Regulatory Framework in Place
The Minister detailed that the e-commerce sector operates under a robust legislative framework, citing key regulations such as the Competition Act, Consumer Protection Act, Foreign Exchange Management Act, Consumer Protection (E-commerce) Rules, Information Technology Act, 2000, Payment and Settlement Systems Act, 2007 and Foreign Direct Investment (FDI) Policy. He underlined the government’s commitment to addressing unfair practices by leveraging these laws and promoting initiatives like the Open Network for Digital Commerce (ONDC), which democratizes digital commerce for small and medium businesses.

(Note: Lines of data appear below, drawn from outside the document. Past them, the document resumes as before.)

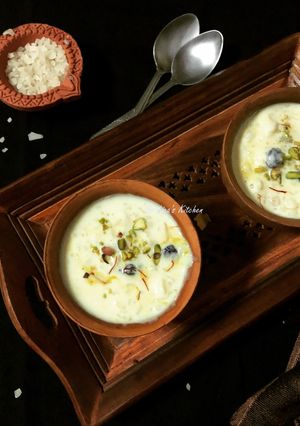 A picture of Palada Payasam (Kerala style).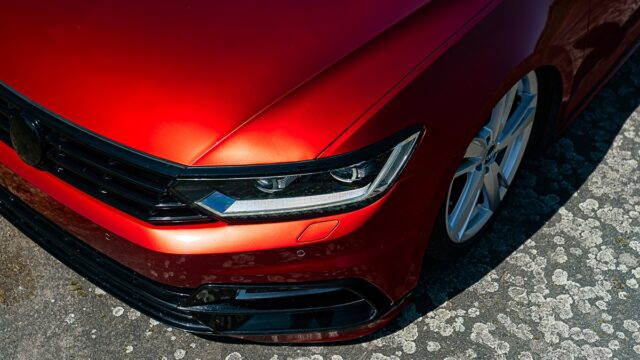 Folienprinz Futurewrap Vw Passat Gloss Love Red 05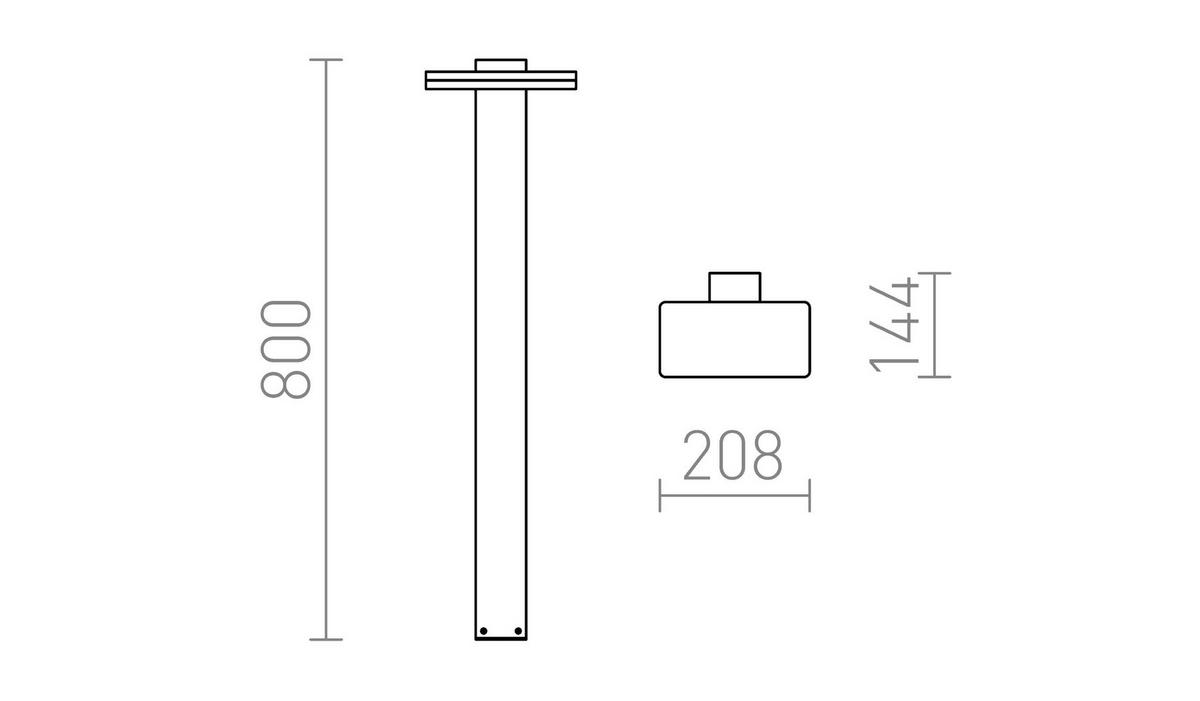 AUSSENLEUCHTE RINA Anthrazitgrau 12 W IP44 - Grau, Metall (144/21/80cm) - Rendl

“ONDC makes e-Commerce more inclusive wherein small and medium-sized businesses can use any ONDC compatible applications instead of being governed by specific platform centric policies. This provides multiple options to them to be discoverable over network and conduct business. It also encourages easy adoption of digital means by the small retailers and traditional kirana stores, who may be currently not on digital commerce networks”, Prasada said.
E-Commerce Under Watch
Responding to allegations of predatory pricing and exclusive tie-ups by large e-commerce firms, Prasada confirmed that the Director General of Investigations at the Competition Commission of India (CCI) is probing complaints against these entities. The complaints have raised concerns about unfair price advantages and bulk purchasing power that threaten the survival of smaller retailers.
The probe comes amid increasing scrutiny of quick commerce giants like Blinkit, Zepto, and Swiggy’s Instamart, which have been accused of selling products at steep discounts, disrupting the traditional retail ecosystem.

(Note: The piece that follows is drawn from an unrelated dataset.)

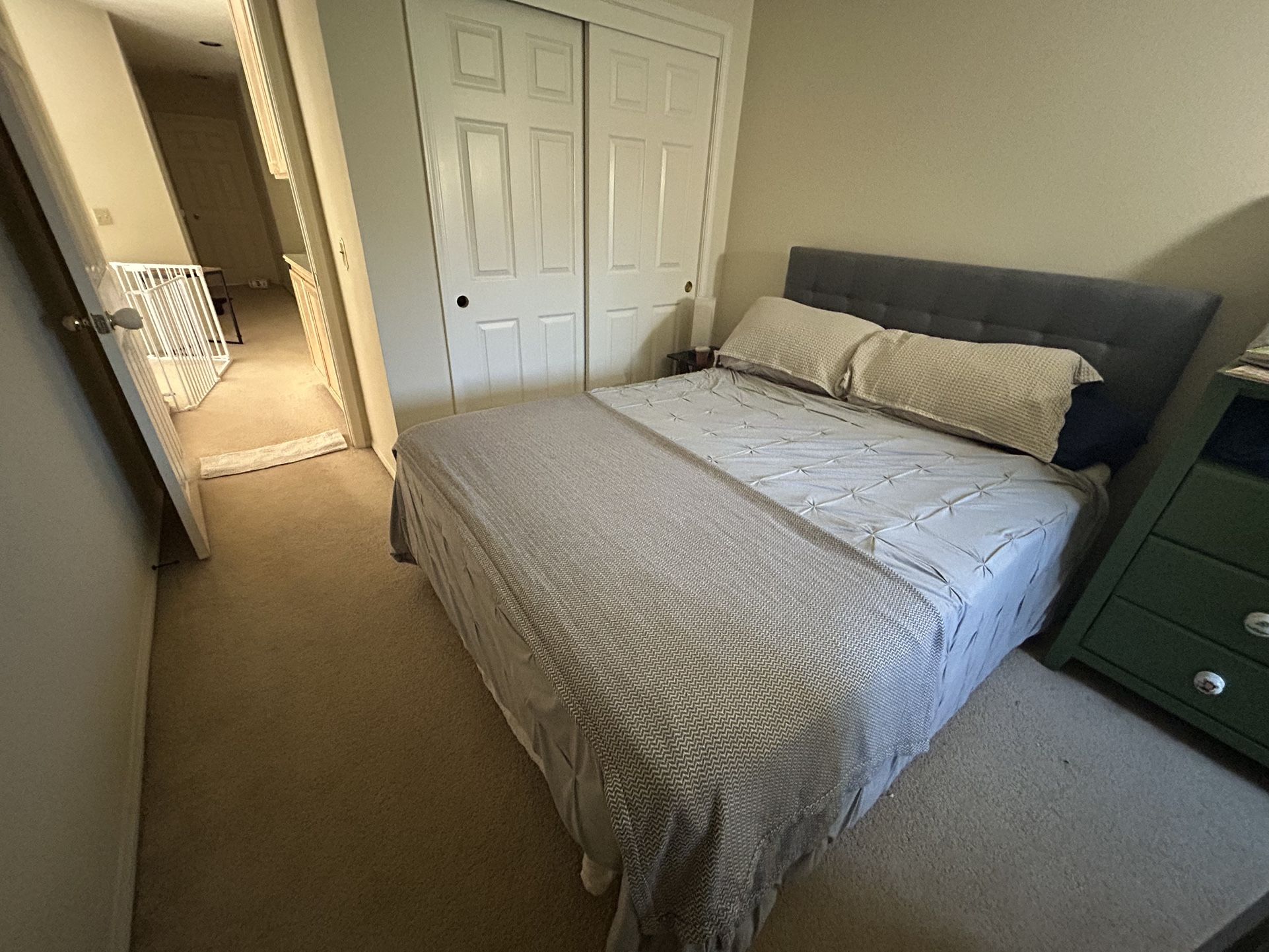 Queen Mattress With Headboard And Frame Bed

Industry experts have noted parallels with past cases, such as Reliance Jio’s market entry in telecom, where similar predatory pricing allegations were dismissed due to a lack of market dominance. “Predatory pricing provisions under the Competition Act apply only when dominance is established. In this evolving quick commerce market which is hyper-competitive with multiple players, no single player currently holds significant market power,” said a competition law expert.
Retailers Seek Fair Treatment
Traditional retail bodies, such as the All India Consumer Products Distributors’ Federation (AICPDF), have expressed dissatisfaction, claiming that quick commerce firms’ practices are creating an uneven playing field. AICPDF President Dhairyashil Patil recently reiterated calls for a review of these platforms’ operational models, particularly the use of “dark stores” and inventory control mechanisms.
“These practices, coupled with foreign ownership concerns, warrant a comprehensive review to safeguard small retailers and ensure fair competition,” Patil stated. However, experts argue that foreign funding concerns fall outside the purview of the CCI and require policy-level intervention.
The outcome of the CCI investigation will be crucial in determining the future of competition dynamics in the quick commerce sector. With the industry expected to grow further, balancing innovation with fairness will remain a key challenge.
As regulatory scrutiny intensifies, the government’s commitment to protecting small retailers while fostering digital innovation will be critical in shaping the e-commerce and quick commerce landscape, said economy watchers.